Anrufe aufs Mobiltelefon, Werbung in den sozialen Medien und überall der Aufruf, die Krankenkasse zu wechseln. Sogar Gesundheitsminister Alain Berset sagte im Westschweizer Radio, man solle zu einer billigeren Krankenkasse wechseln. Doch was bringt das?
«Aus gesellschaftlicher Sicht kann das Wechseln der Kasse das Prämienwachstum nicht bremsen», sagt Andreas Kohler, Co-Leiter der gesundheitsökonomischen Forschung an der Zürcher Hochschule für angewandte Wissenschaften (ZHAW).
Wechsel senkt Gesamtkosten nicht
Wenn jemand einfach zu einer billigeren Kasse wechselt, aber beim selben Versicherungsmodell bleibt, senkt das zwar die individuellen Prämien – nicht aber die Gesundheitskosten.

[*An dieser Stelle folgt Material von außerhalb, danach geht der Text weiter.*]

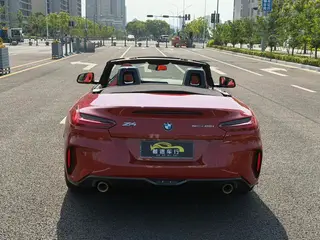 BMW Z4 2019 sDrive 25i M Sports suit interior photo 7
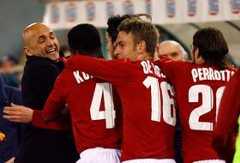 Un'esultanza di Spalletti con i giocatori. Reuters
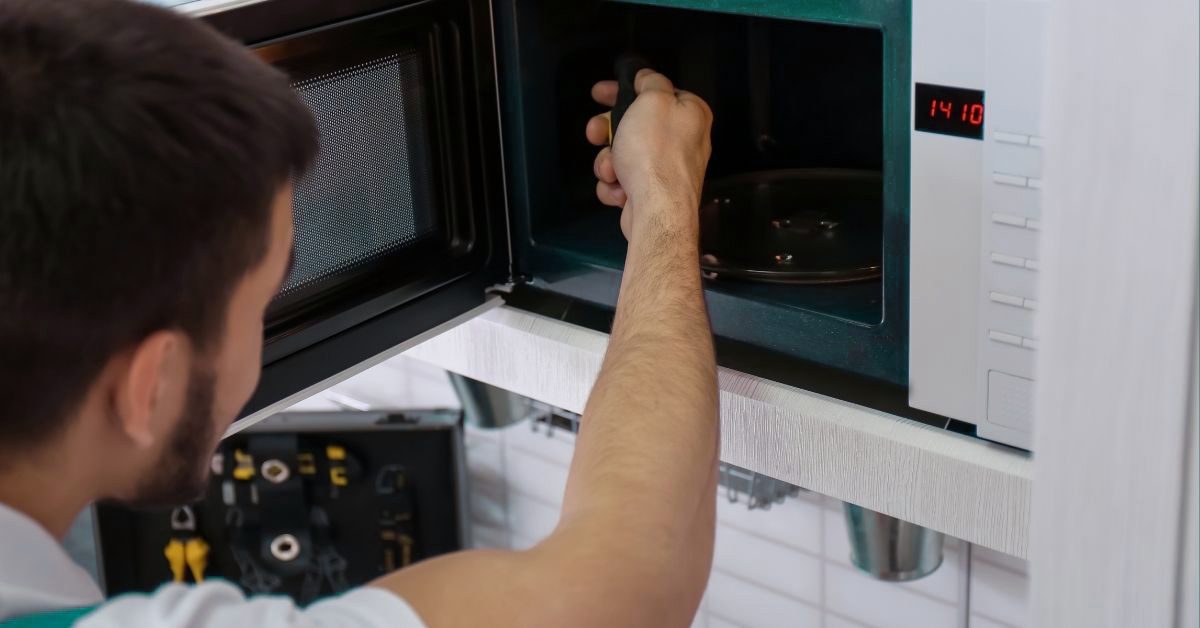 How to Safely Dispose of Broken Microwave: Expert Tips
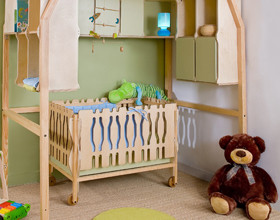 chambre-enfant-lit-armoire-bureau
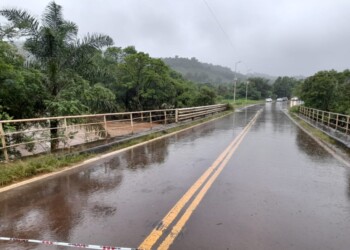 Se interrumpió el tránsito sobre el puente del arroyo Piray Miní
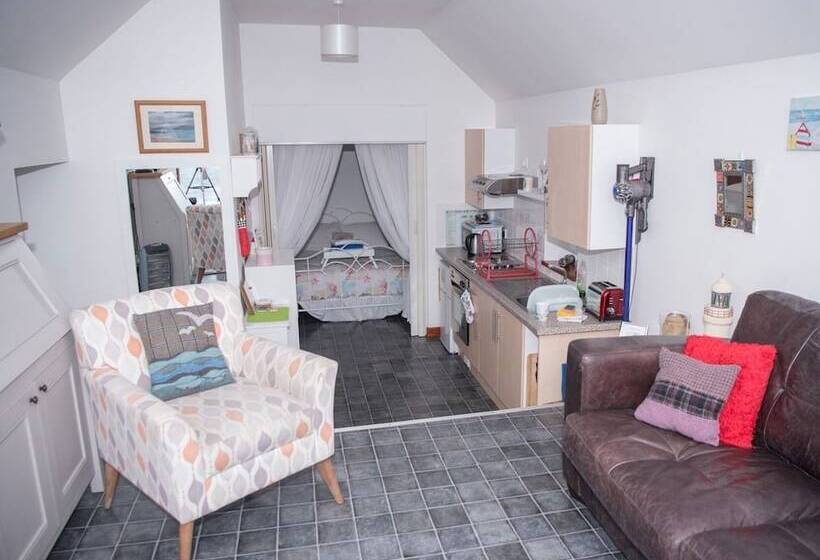 Pew With A View  Seafront Cottages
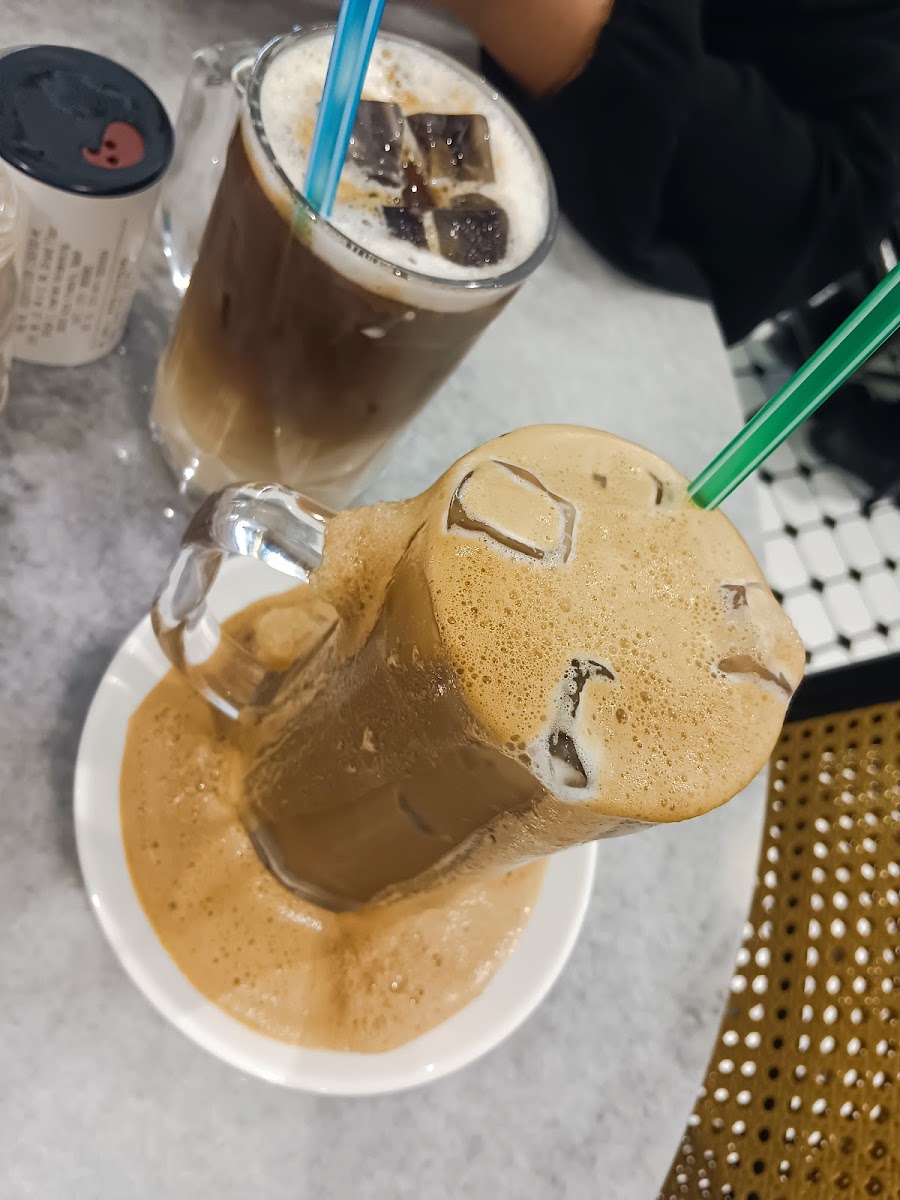 Kopi Ping Cafe @ Karamunsing - 7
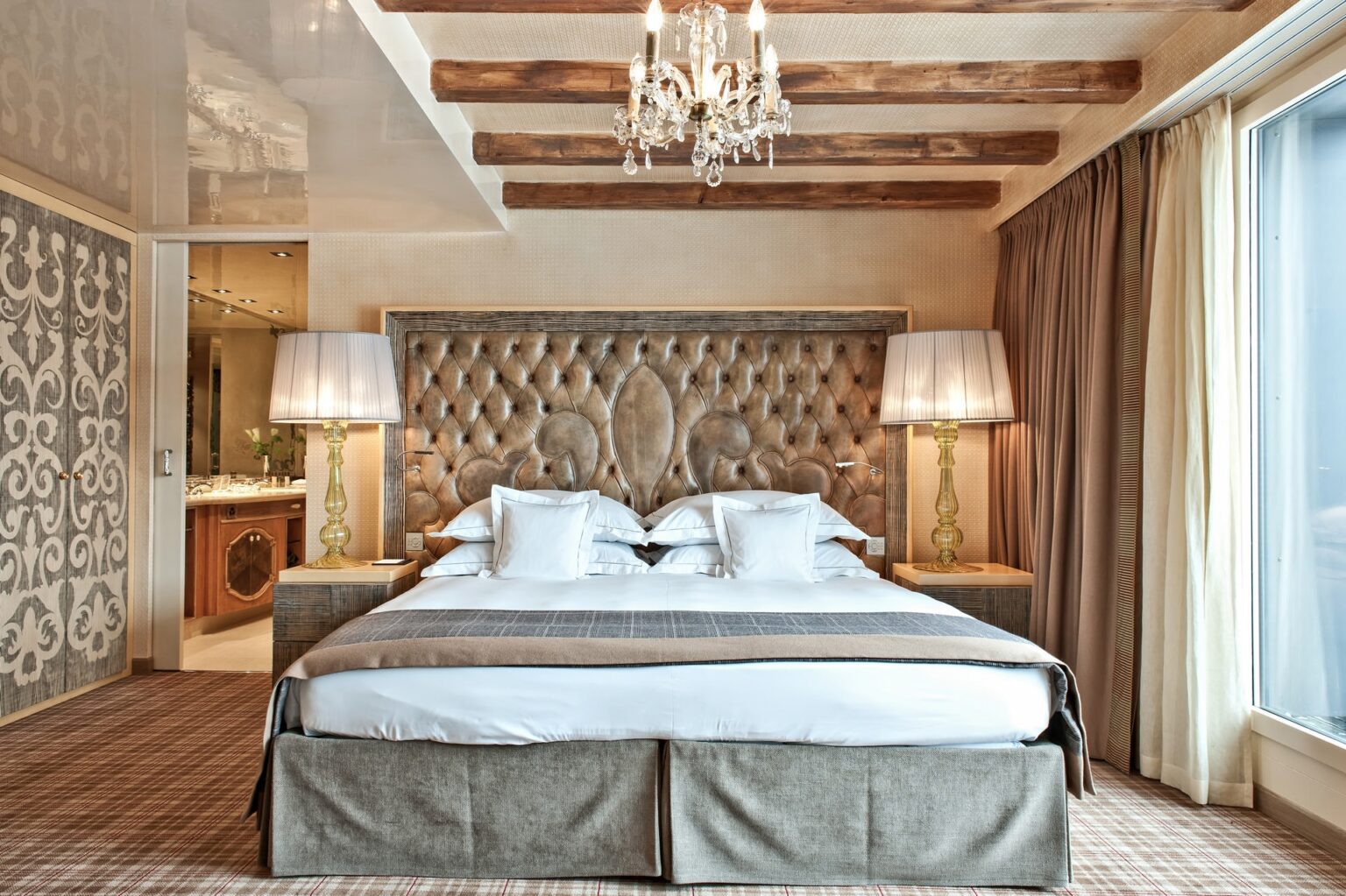 108991359-H1-Carlton_Penthouse_bedroom.jpg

Das heisst: Der Einzelne zahlt weniger, die Gesamtkosten bleiben aber hoch, da nicht automatisch weniger Leistungen, wie beispielsweise Arztbesuche, in Anspruch genommen werden.
Anders sieht es aus, wenn jemand das Versicherungsmodell wechselt, beispielsweise auf ein Hausarztmodell. Dabei muss eine Patientin oder ein Patient immer zuerst zum Hausarzt, bevor er oder sie zur Spezialistin kann.
Ziel dieses Modells ist es, dass kranke Menschen durch den Hausarzt rundum gut betreut sind und dadurch weniger medizinische Leistungen in Anspruch nehmen. «Mittel- bis langfristig sollen so Kosten gespart werden», sagt Kohler.
Kassenwechsel verursacht Kosten
Ende 2022 hatte gut jede vierte Person angegeben, dass sie die Kasse wechseln will. Und dieser Wechsel verursacht Kosten. Wie viel genau wird laut Kohler von der ZHAW nicht untersucht. Die Auswertungen des Bundesamtes für Gesundheit (BAG) zeigen aber, dass die gesamten Verwaltungskosten der Krankenkassen in den letzten Jahren nicht gestiegen sind. Sie liegen im Durchschnitt relativ stabil bei gut fünf Prozent.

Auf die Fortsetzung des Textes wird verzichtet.